Why: Running sudo npx portless is unsafe because it performs package resolution and downloads as root.Solution:Install portless globally:
npm install -g portless
Then use it directly:
portless proxy start
portless run next dev
Setting PORTLESS=0 should run your command directly without the proxy.Make sure you’re using it correctly:
# Correct:
PORTLESS=0 pnpm dev
PORTLESS=skip npm start

# Also works with portless commands:
PORTLESS=0 portless run next dev  # Runs next dev directly
Accepted values:
  • PORTLESS=0
  • PORTLESS=skip
Any other value will not skip the proxy.
Errors about file permissions, especially after running with sudo.Common error:
Permission denied: /tmp/portless/routes.json
Cause: When you start the proxy with sudo (for ports < 1024), the state directory is owned by root.Solution:Portless automatically handles this by using world-writable permissions for the system state directory.

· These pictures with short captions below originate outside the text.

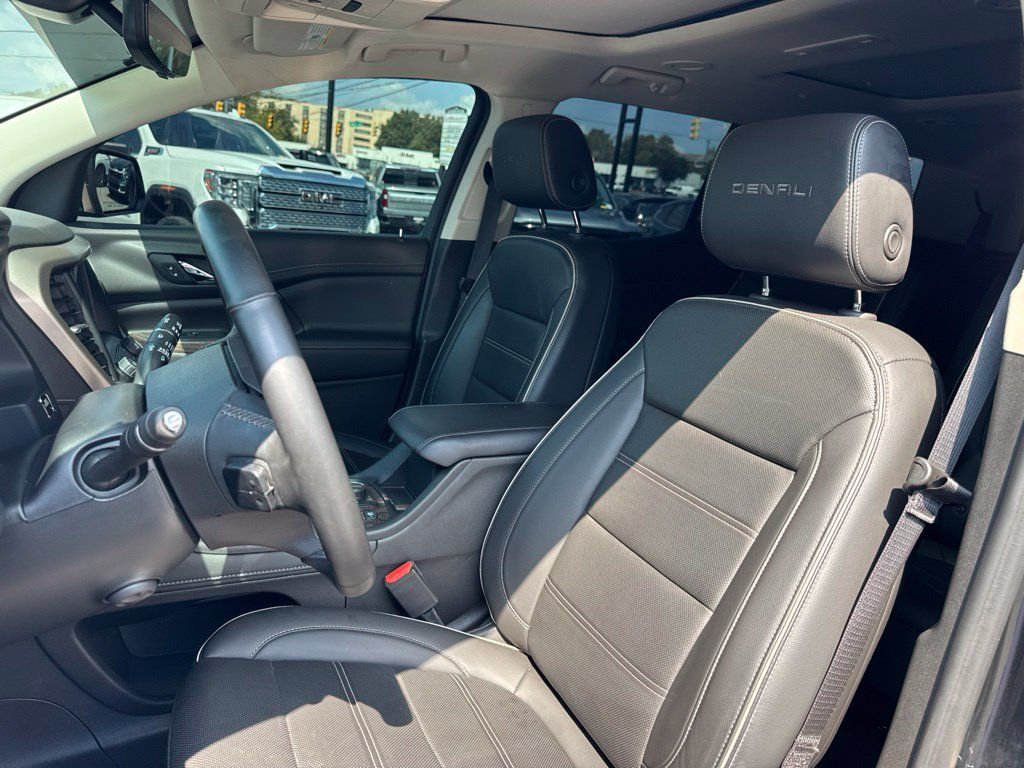 Used 2023 GMC Acadia Denali w/ Black Diamond Edition FWD image 13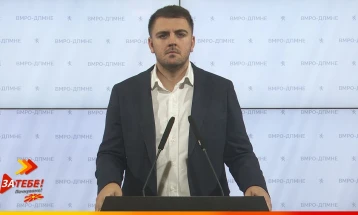 Попов:  Наставниците да не подлегнуваат на притисоци на опозицијата, протестот е партиски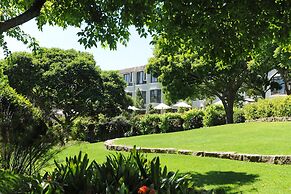 Vineyard Hotel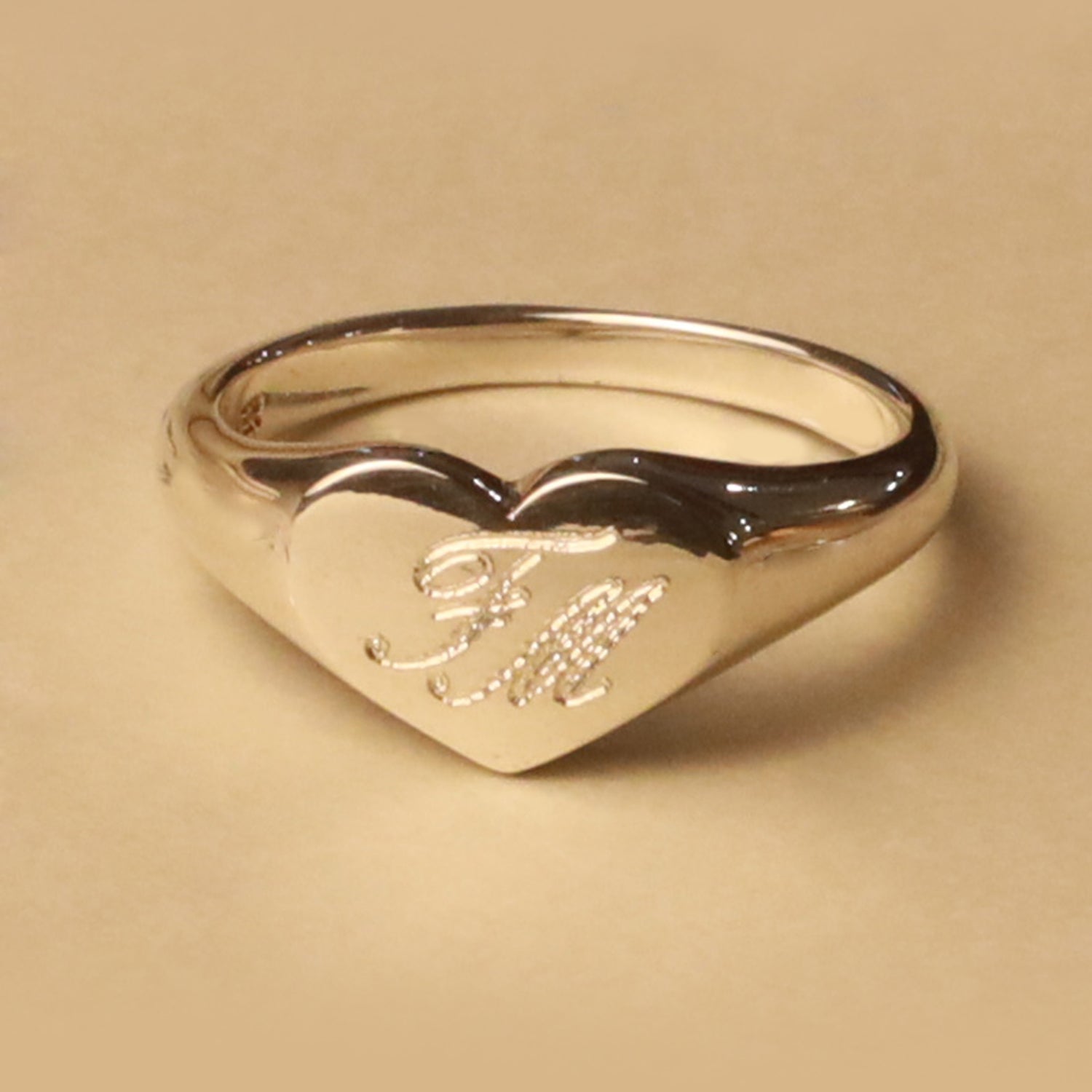 シルバー,リング,指輪,印台,シグネットリング,刻印,メッセージ,メンズジュエリー,ジェンダーレスジュエリー,モード,アクセサリー,オンライン限定,EC限定,オーダーメイド,limited,onlinelimited,pinkyring,silver,ring,signetring,mens,jewelry,metal,accessory,メタルジュエリー,ギフト,プレゼント,,エレガント,ラグジュアリー,フラット,シルバージュエリー,個性派,ユニーク,デザイナーズ,ドドメスティックブランド,silver925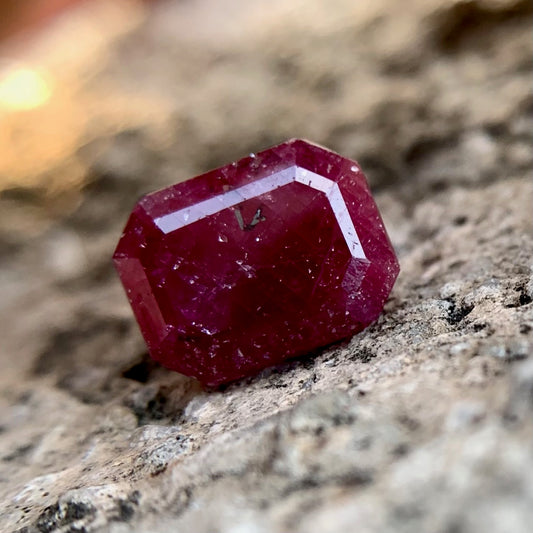 Natural Ruby - 7.55 Carats/8.38 Ratti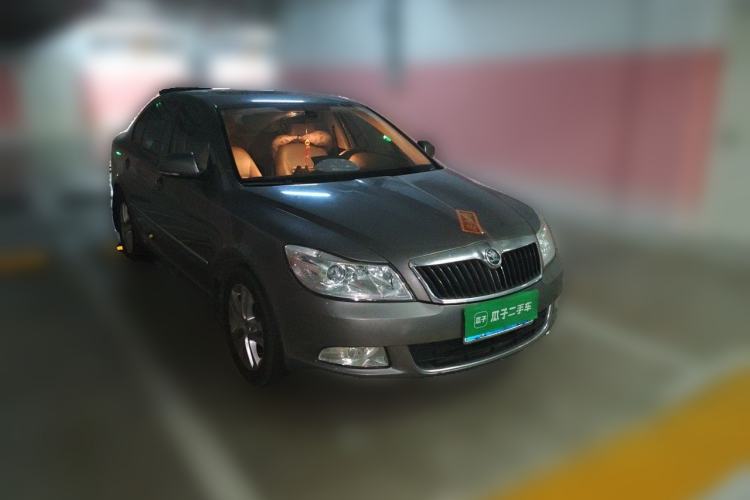Used Skoda Octavia 2014 1.6L Manual Yijun Edition Front Right 45 Deg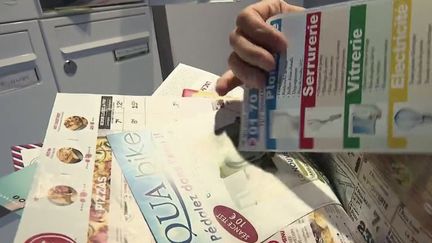 Grande distribution : vers la fin des prospectus publicitaires ? (FRANCE 2)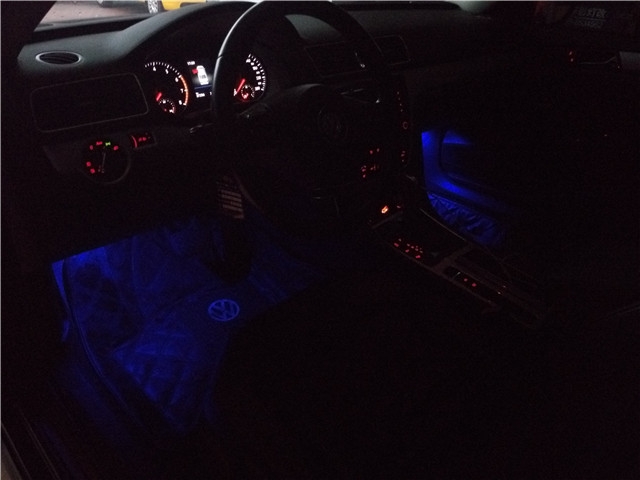 新款炫彩地毯腳墊智能氛圍燈 可手機(jī)控制 支持爆閃呼吸——清風(fēng)車影燈改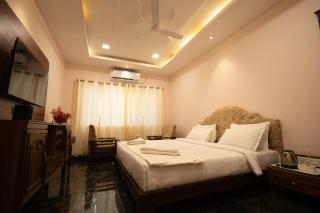 Green Paradise Hotel and Restaurant - 7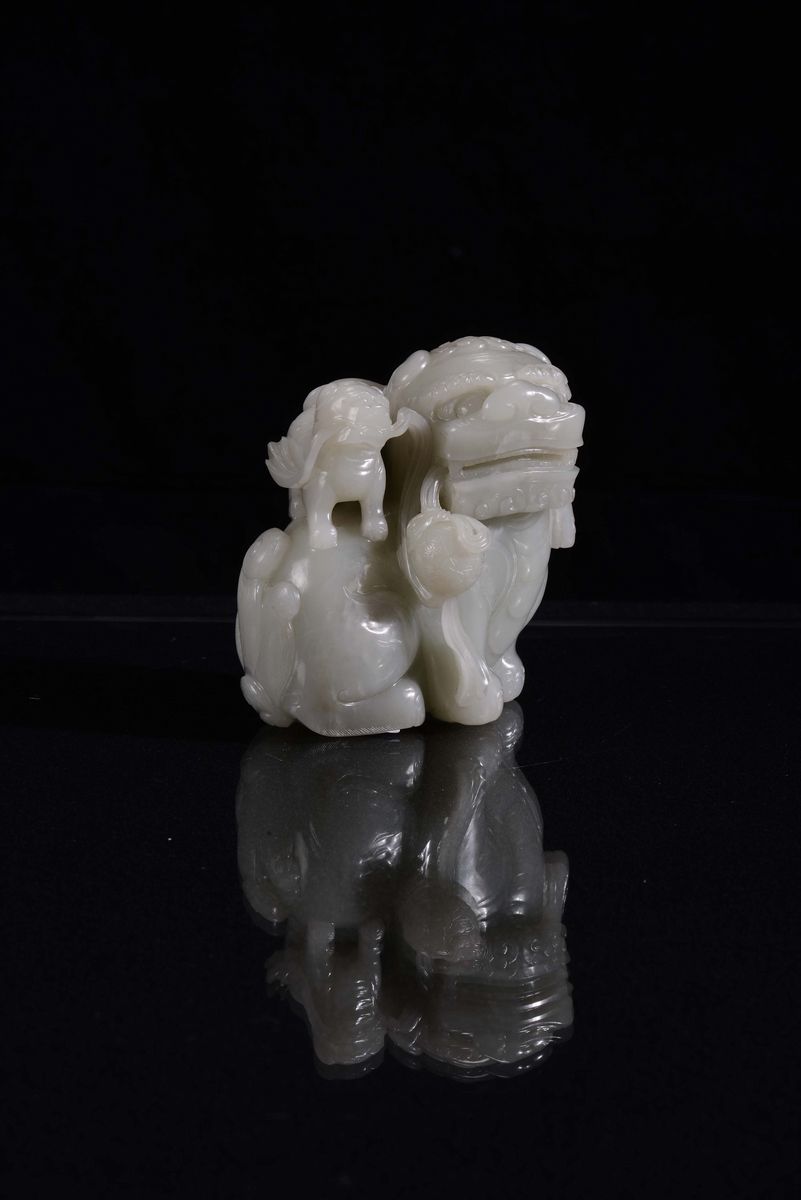 Scultura in Giada Celadon Raffigurante Cane di Pho, Cina, Dinastia Qing, XVIII Secolo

If you still see errors:
  1. Stop the proxy:
    sudo portless proxy stop
    
  2. Fix permissions:
    sudo chmod 1777 /tmp/portless
    sudo chmod 666 /tmp/portless/routes.json
    
  3. Restart the proxy:
    sudo portless proxy start
    
When using HTTPS, portless requires OpenSSL for certificate generation.Error message:
openssl failed: spawn openssl ENOENT
Make sure openssl is installed.
Solution:Install OpenSSL:macOS:
# OpenSSL ships with macOS by default
# If missing, install via Homebrew:
brew install openssl
Debian/Ubuntu:
sudo apt-get install openssl
Arch:
sudo pacman -S openssl
Fedora/RHEL/CentOS:
sudo dnf install openssl

Getting Help

If you’re still having issues:
  1. Check the GitHub issues for similar problems
  2. Run the proxy in foreground mode to see detailed logs:
    portless proxy start --foreground
    
  3. Check the proxy log file:
    cat ~/.portless/proxy.log
    
  4. Open a new issue with:
    • Your OS and Node.js version
    • The full error message
    • Steps to reproduce

Debug Mode

For troubleshooting, you can run the proxy in foreground mode to see all logs:
portless proxy stop
portless proxy start --foreground
This will keep the proxy in the foreground and print all requests and errors to the console.